Today’s Daily Mail is taking a rare swipe at Remainers, dismissing the fears of “Remain doom-mongers” who “talk down” the economy.
“BREXIT BRITAIN’S BOOMING!” exclaims its front page, alongside a story making all sorts of cheery claims about the UK’s financial situation.
MAIL: Brexit Britain’s Booming! #tomorrowspaperstoday pic.twitter.com/4TUNgh7521
— Neil Henderson (@hendopolis) May 15, 2018
Here’s what it’s celebrating – versus the reality.
More Britons are in work than ever
We now have the highest level of employment since records began in 1971. The UK’s employment rate has risen by 0.4 points since the last quarter to 75.6 per cent. There’s been an increase of 197,000 jobs on the previous quarter – and the majority of them are full-time.
This is strong jobs growth, and the Mail is right that it’s quite some distance from the former chancellor George Osborne’s prediction when campaigning against Brexit in 2016 that Britain would face up to 820,000 job losses.
But the paper asserts more Britons are in work “than before the referendum”. Well, yes. But the employment rate has been increasing since 2012 – before the EU referendum was even announced – according to the Office for National Statistics, which released the data: “The employment rates for people, men and women have been generally increasing since early 2012.”
The rise in jobs has also not been matched by output. Productivity has sharply fallen: output per hour worked fell by 0.5 per cent in the first three months of 2018, and has only increased by 0.2 per cent over the past decade.
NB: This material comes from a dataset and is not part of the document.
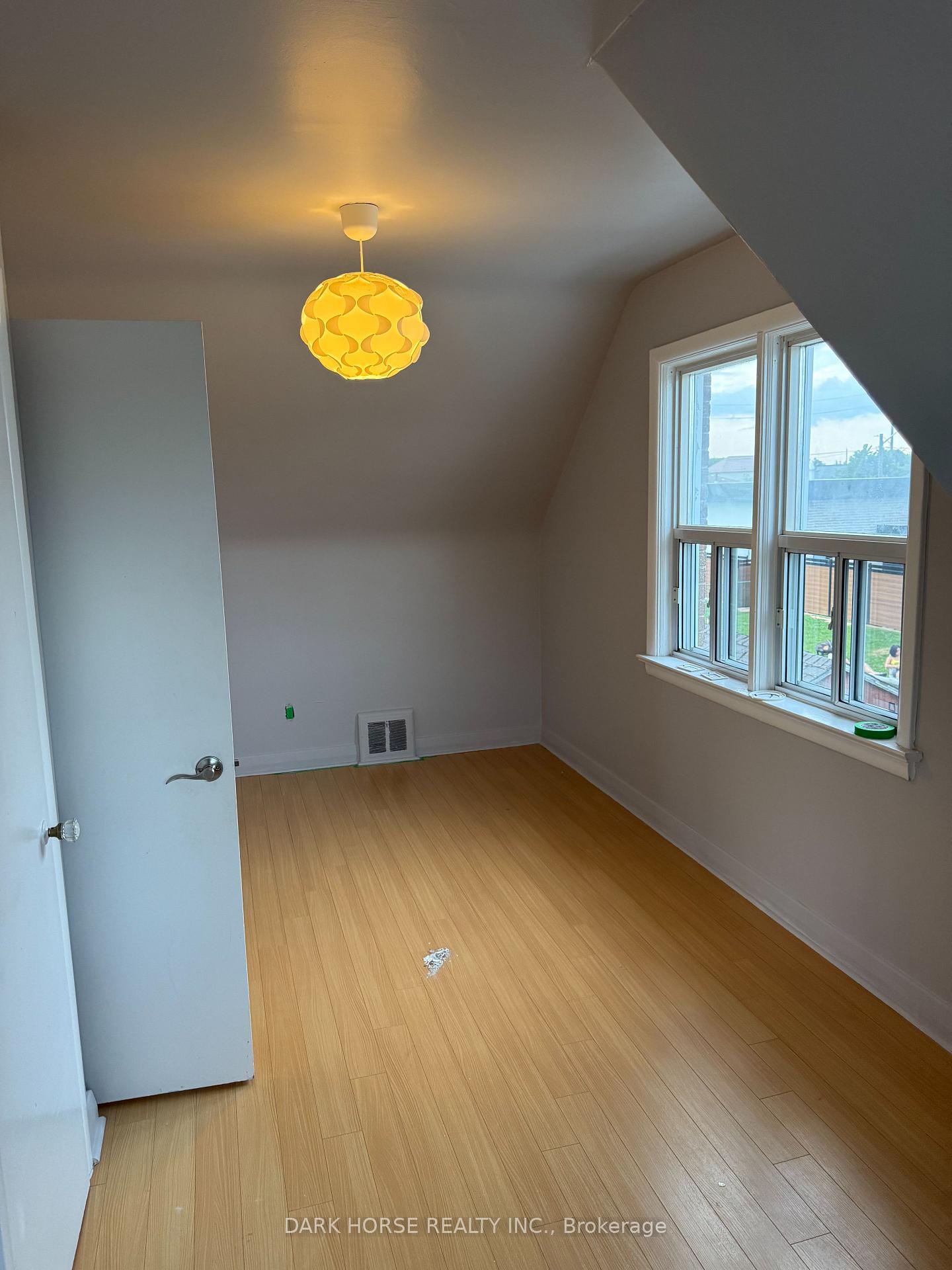 Photo 11 of 76 Calvington Drive, North York, Downsview-Roding-CFB — HOMEH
So the number of hours worked has grown without a corresponding increase in economic growth – growth collapsed to just 0.1 per cent in the first quarter of 2018.
Pay is rising
Average weekly earnings in Britain are up 2.6 per cent compared with a year ago. “The biggest rise since 2015 and ahead of inflation”, celebrated the Mail.
But this is slower than the growth rate between December 2016 – February 2017 and December 2017 – February 2018 (which was 2.8 per cent). And the current average weekly total pay at £489 a week is still £33 lower than the peak of £522 a week, recorded in February 2008.
And when you adjust the figures for consumer price inflation, between January-March 2017 and January-March 2018, total pay for employees in Great Britain was unchanged.
More EU citizens are working here
Uncharacteristically, the Mail is positive about the prospect of EU migrants getting jobs, reporting that the number of European Union citizens – and non-EU migrants – working in Britain has increased (almost 2.37 million EU citizens had jobs in March – 155,000 more than in early 2016).
But again the claim this employment has increased in the past two years, since the referendum, is misleading. As the Financial Times points out, the current employment growth has been exclusively driven by UK nationals: the number of EU citizens in employment has actually fallen by 1.2 per cent.
The ONS found that the total EU workforce in Britain has fallen by 28,000 over the last year – the first annual decrease since early 2010, suggesting Brexit is a factor.
“Nearly two years after the Brexit vote, we can now see that the number of citizens from other European Union countries working in Britain has fallen,” reports the Guardian, warning about the threat this poses to the NHS and social care.
There was a particularly stark drop in workers from eastern European countries who joined the EU in 2004, such as Poland: a 9.1 per cent fall in the past year – the biggest year-on-year fall since records began in 1997.